Search code examples
pythonfilegzipreadline

Python: How to handle a corrupted gzip file in reading multiple files


I am reading a large set of gzip files. When I tried the below code, the process cannot be finished because some of files are corrupted. Python can open those corrupted files, but the process is interrupted due to errors in certain lines in those files.

    for file in files:
        try:
            fin=gzip.open(file,'rb')
        except:
            continue
        
        for line in fin:
            try:
                temp=line.decode().split(",")
                a,b,c,d=temp[0],int(temp[1]),int(temp[2]),int(temp[3])
            except:
                continue

But the program stops because of the following error. What is the best way to process a corrupted gzip file?

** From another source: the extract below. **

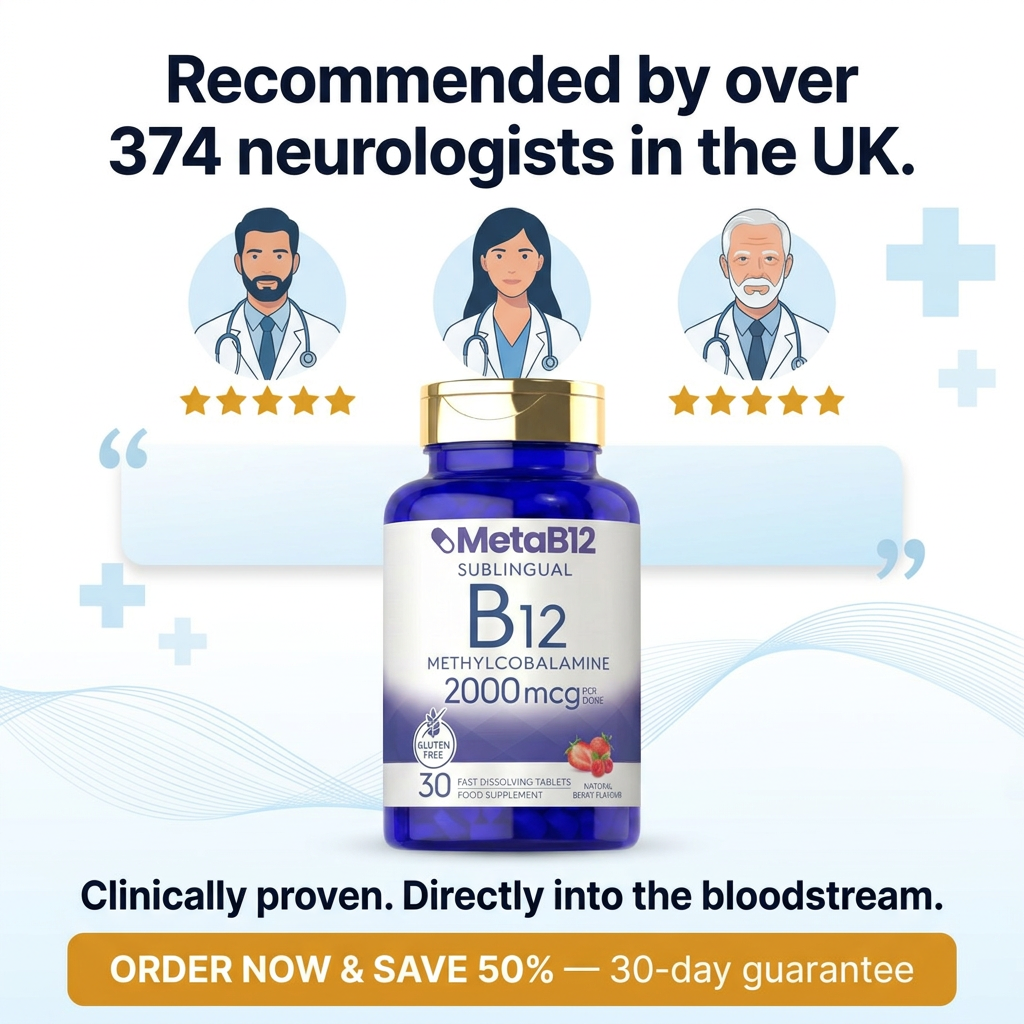 The Wellness Journal UK Facebook ad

Traceback (most recent call last):---------------------------| 9.0% Complete
  File "/opt/anaconda3/lib/python3.7/gzip.py", line 374, in readline
    return self._buffer.readline(size)
  File "/opt/anaconda3/lib/python3.7/_compression.py", line 68, in readinto
    data = self.read(len(byte_view))
  File "/opt/anaconda3/lib/python3.7/gzip.py", line 463, in read
    if not self._read_gzip_header():
  File "/opt/anaconda3/lib/python3.7/gzip.py", line 411, in _read_gzip_header
    raise OSError('Not a gzipped file (%r)' % magic)
OSError: Not a gzipped file (b'rv')

I have modified the code as below, and seems like running well, but not sure if this is the best way to handle such cases. Because for certain cases, the program seems not terminate (I need to test more).

    for file in files:
        try:
            fin=gzip.open(file,'rb')
        except:
            continue
        
        line=True
        while line:
            try:
                line=fin.readline()
            except:
                continue
            try:
                temp=line.decode().split(",")
                a,b,c,d=temp[0],int(temp[1]),int(temp[2]),int(temp[3])
            except:
                continue

Solution

  • Your iteration over the file is outside of any try... except, so an exception raised here will terminate the program. If you have a single try...except around the whole thing, then it should work:

        for file in files:
            try:
                with gzip.open(file,'rb') as fin:
                    for line in fin:
                        temp = line.decode().split(",")
                        a,b,c,d = temp[0], int(temp[1]), int(temp[2]), int(temp[3])
            except (OSError, ValueError):
                continue
    

    Note also:

    • Only catching the specific exceptions that we would expect to occur with a bad file, not other things that should still terminate the program (e.g. KeyboardInterrupt). A bare except: is usually a bad idea.
    • It is better to use a with construct with gzip.open